With a transmission, you just shift up when you get to that point.


----------



## dougingraham (Jul 26, 2011)

rp0029 said:


> You are very infornative. Thank you for your help.
> I'm still trying to get a handle on the battery situation. You mention exotic batteries. What is the lightest battery I can get that will do say a 50 mile range and allow me to run 1400 amps? Are there higher voltage batteries which have less storage capacity such as the ampahaulics, that give more cycles?


What seems like a simple question encompasses a lot of topics.

There are four figures of merit that are normally given to batteries.

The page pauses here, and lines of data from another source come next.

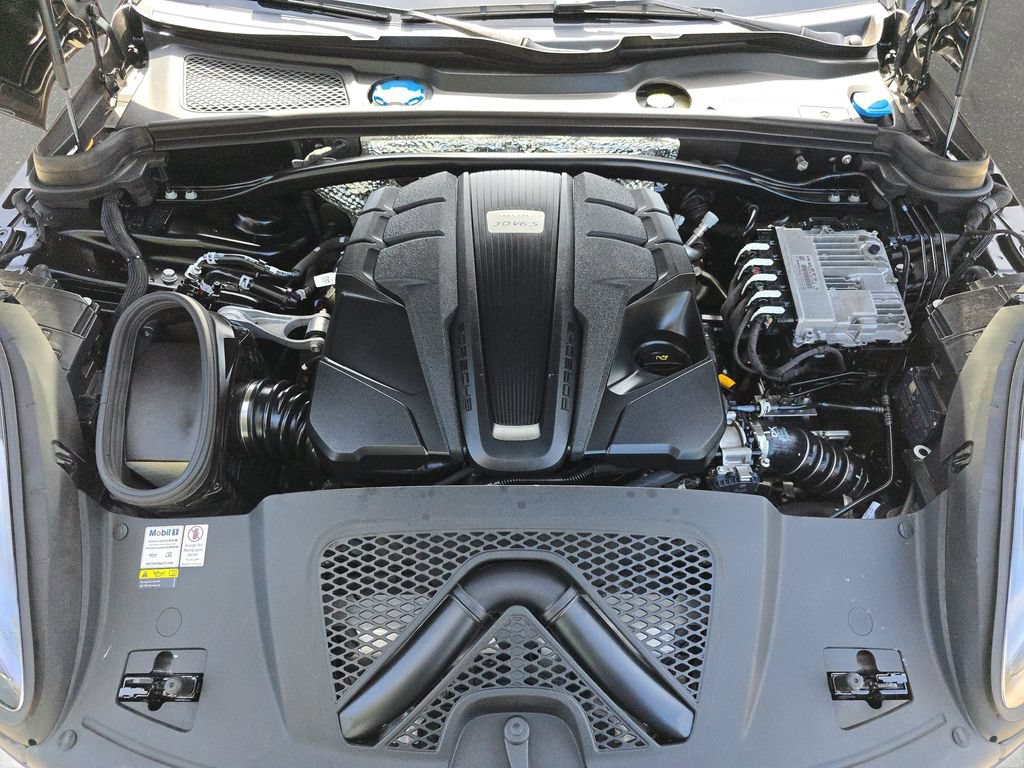 Used 2021 Porsche Macan S AWD/4WD image 34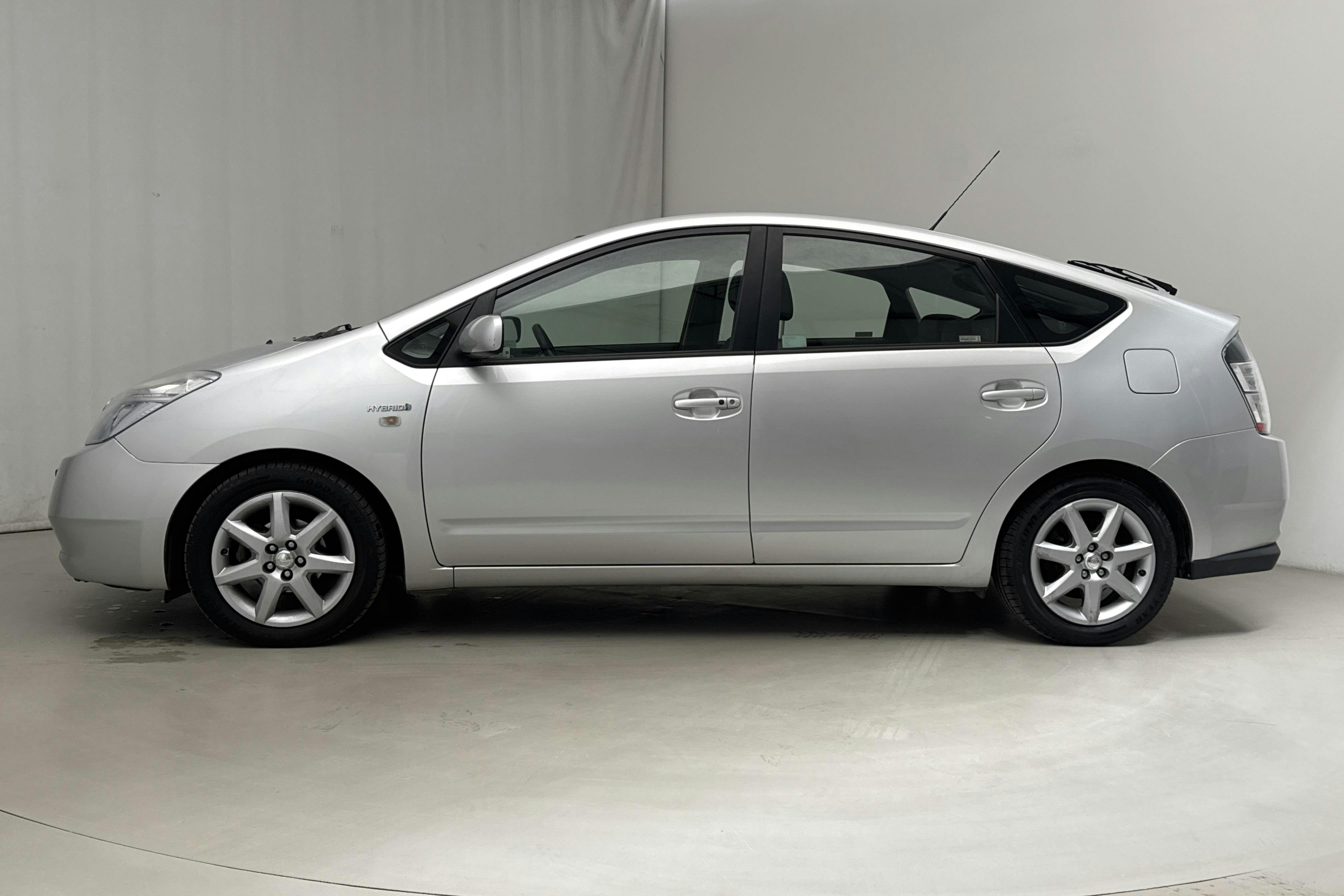 Toyota Prius 1.5 Hybrid (78hk) - 12 544 mil - Automat - silver - 2006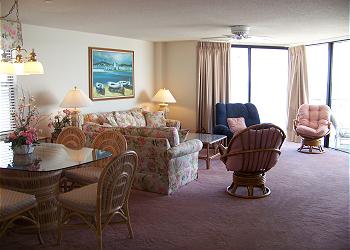 Surfmaster 408 - Living Area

Cost/Kilowatt Hour (Lower number is better)
Watt Hour/Mass (wh/kg Higher number is better)
Watt Hour/Volume (wh/liter Higher number is better)
Discharge rate which is usually given as some multiple of capacity (called C).

The last one is pretty important but usually only to drag racers or driving enthusiasts. The reason for this is because generally we want to go more than 1/2 mile on a charge. Drag racers need the battery to put out the highest possible power while weighing the least. People often bring up Super Capacitors. And while this will someday work, it doesn't even come close today. Let me describe C ratings to give you a feel for them. If you want to drag race at the top levels you would want a battery that only lasts just long enough to get you to the end of the track. Lets say you are a slow drag racer and can only do the 1/4 mile in 15 seconds. A 15 second discharge would be 3600 seconds per hour / 15 seconds = 240C. If you are in the 8's then you need an 8 second battery which is 3600/8=450C. The fastest batteries that are being sold to mere mortals are rated at 150C. But usually those numbers are an exaggeration. They might be able to do that once and only for a couple of seconds and then you see excessive voltage sag. 100C is attainable for the time needed for a drag race. So today the 8 second guys need to carry about a battery that is at least 4.5 times heavier than they want. Those batteries are the ones most commonly used by the Radio Control hobbyists and are typically called LiPo. The Ampahaulic batteries are a good version of these. I did a lot of research and these $120 packs are a less costly and better built than the ones the Hobby guys are buying. For twice the work using the hobby packs you might save 10% over the ampahaulic packs.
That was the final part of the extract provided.